** What the task requires **
For this exercise, reproduce only the lines from the one holding "Zum Shoppingfestival nach" through the final line of the data below, exactly, and omit pictures.
Segment Start: The data
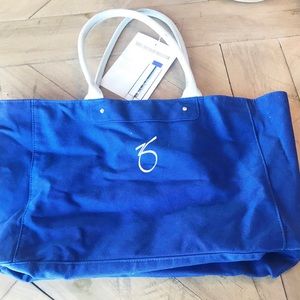 NWT Zo Skin Health Blue Tote w/ magnetic closure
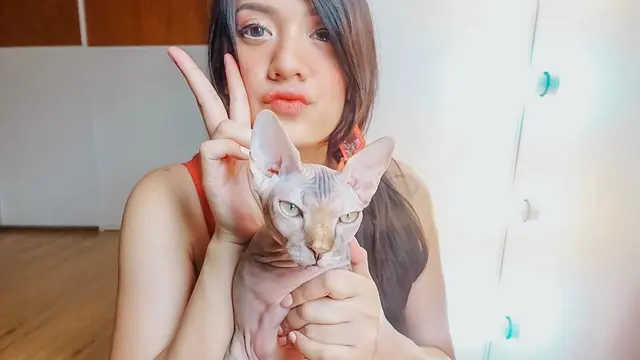 Seleb dan kucing (Sumber: Instagram//anissaaziza/)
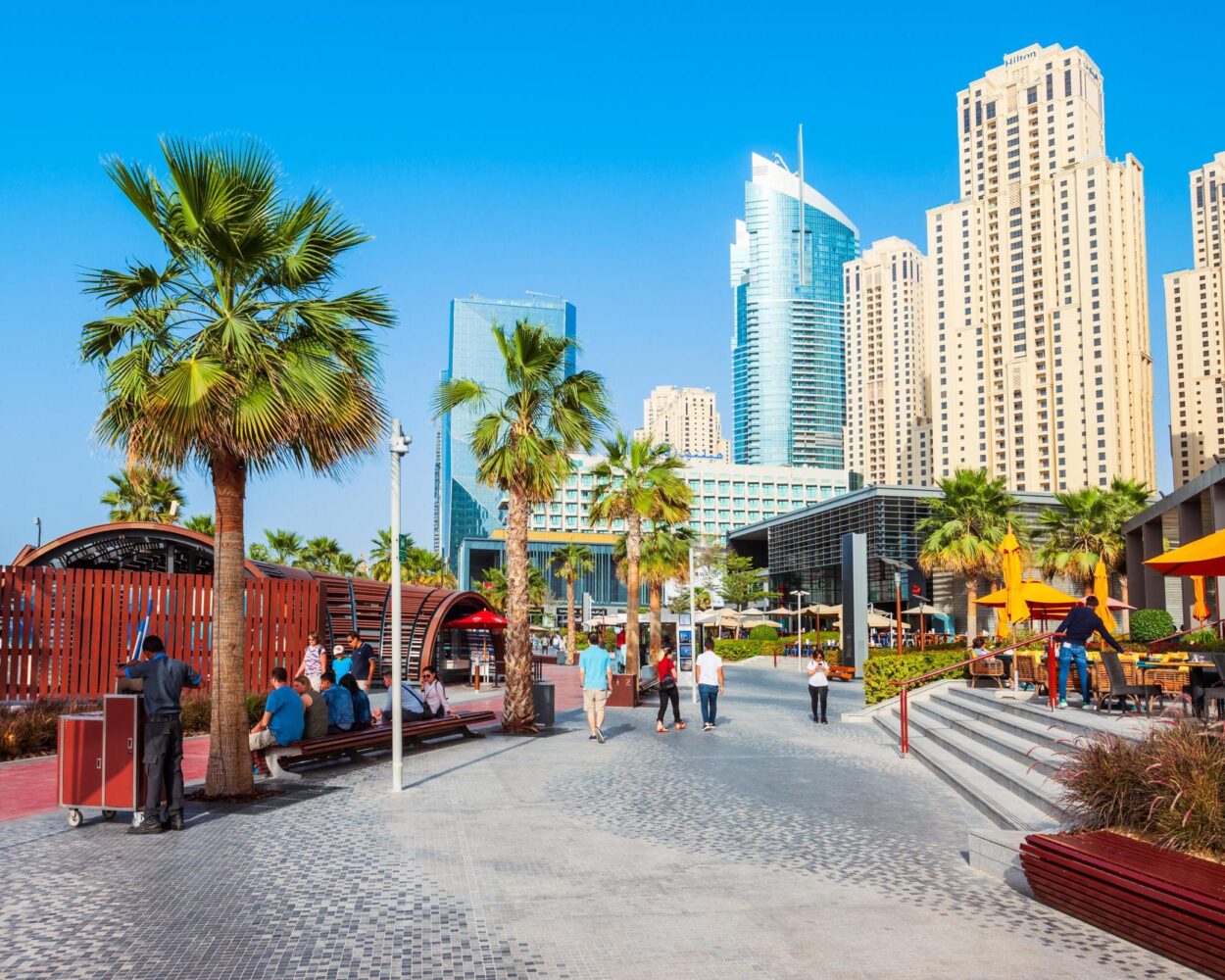 Zum Shoppingfestival nach Dubai inkl. Dhow Creek Tour & Baden auf Saadiyat Island Hintergrundbild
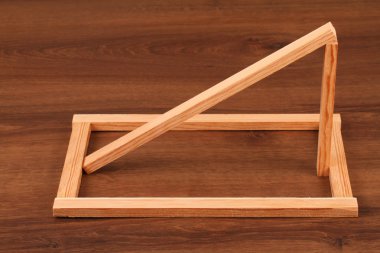 Ahşap Ahşap Çıta Meydanı kalasları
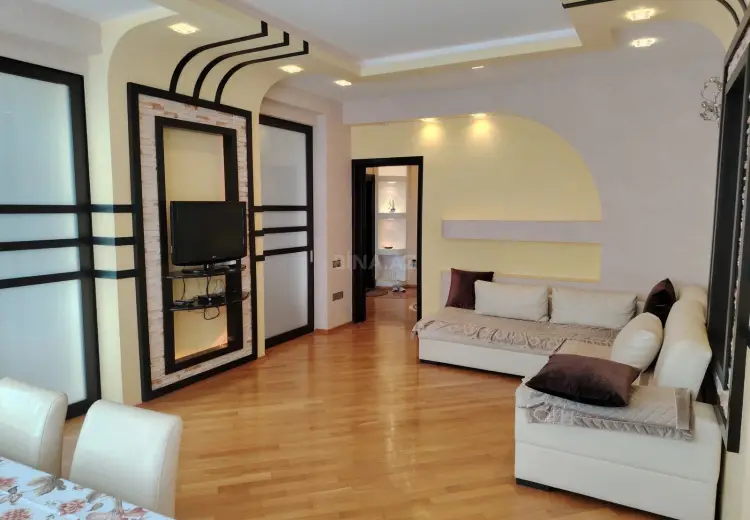 3 otaqlı mənzil Kirayə (aylıq), Nəsimi, Bakı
Segment End: The data
** Written solution **
 Zum Shoppingfestival nach Dubai inkl. Dhow Creek Tour & Baden auf Saadiyat Island Hintergrundbild
 Ahşap Ahşap Çıta Meydanı kalasları
 3 otaqlı mənzil Kirayə (aylıq), Nəsimi, Bakı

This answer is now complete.